Why backtracking alone cannot suffice to solve combinatorial problems: CP perspective, empirical hardness models evidence, and proof complexity results

Constraint Programming (CP) is a technique with particular strength to solve classes of combinatorial problems for which global constraints were identified and exploited in the design of specialized algorithms. However, I have been convinced that CP is, above all, a general model to understand combinatorial problems and their solution – using the term ‘model’ in a broader sense, as explained in a previous post and based on John Hooker’s article at CP Letters.

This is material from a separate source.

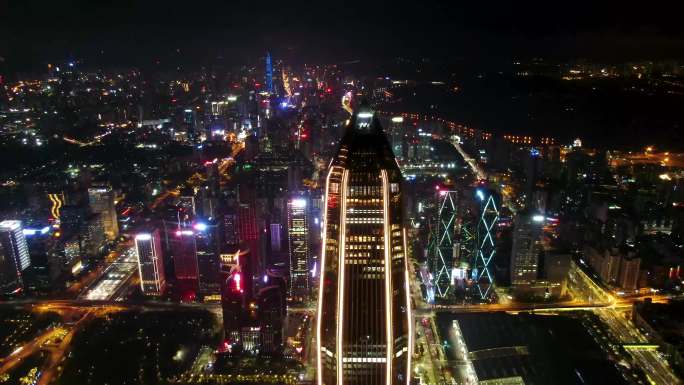 深圳平安大厦鸟瞰夜景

Regardless of the solving method used, the classic aim of CP is to tackle the Constraint Satisfaction Problem (CSP), which ultimately encodes any problem involving variables with discrete and finite values as the intersection of the regular languages defined by each of its constraints. When special properties are observed in a class of such languages that would allow us to make strong and efficient inferences among those variables, we have found one of those so-called global constraints. Not surprisingly, the concept is in fact a formalization of the widespread practice of exploiting problem structure, which was also discussed in a previous post linking the implementation of local search operators to CP concepts.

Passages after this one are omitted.